**ABOUT THIS TASK**
The records need to be set down again exactly as they appear.

◆ ◆ ◆ ◆ ◆ ◆ ◆

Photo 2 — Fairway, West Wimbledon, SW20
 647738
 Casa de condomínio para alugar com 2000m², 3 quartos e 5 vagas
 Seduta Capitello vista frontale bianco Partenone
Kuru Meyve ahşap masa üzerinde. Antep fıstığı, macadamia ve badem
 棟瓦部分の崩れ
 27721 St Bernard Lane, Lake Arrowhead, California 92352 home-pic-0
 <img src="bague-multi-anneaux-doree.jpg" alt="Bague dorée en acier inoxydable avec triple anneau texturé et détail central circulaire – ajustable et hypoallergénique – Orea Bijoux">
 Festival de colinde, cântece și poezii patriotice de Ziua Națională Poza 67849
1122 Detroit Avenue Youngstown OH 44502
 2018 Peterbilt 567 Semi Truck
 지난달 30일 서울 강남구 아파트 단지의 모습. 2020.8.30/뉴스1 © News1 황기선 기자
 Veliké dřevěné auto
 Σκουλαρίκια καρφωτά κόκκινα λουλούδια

◆ ◆ ◆ ◆ ◆ ◆ ◆

**YOUR RESPONSE**
Photo 2 — Fairway, West Wimbledon, SW20
 647738
 Casa de condomínio para alugar com 2000m², 3 quartos e 5 vagas
 Seduta Capitello vista frontale bianco Partenone
Kuru Meyve ahşap masa üzerinde. Antep fıstığı, macadamia ve badem
 棟瓦部分の崩れ
 27721 St Bernard Lane, Lake Arrowhead, California 92352 home-pic-0
 <img src="bague-multi-anneaux-doree.jpg" alt="Bague dorée en acier inoxydable avec triple anneau texturé et détail central circulaire – ajustable et hypoallergénique – Orea Bijoux">
 Festival de colinde, cântece și poezii patriotice de Ziua Națională Poza 67849
1122 Detroit Avenue Youngstown OH 44502
 2018 Peterbilt 567 Semi Truck
 지난달 30일 서울 강남구 아파트 단지의 모습. 2020.8.30/뉴스1 © News1 황기선 기자
 Veliké dřevěné auto
 Σκουλαρίκια καρφωτά κόκκινα λουλούδια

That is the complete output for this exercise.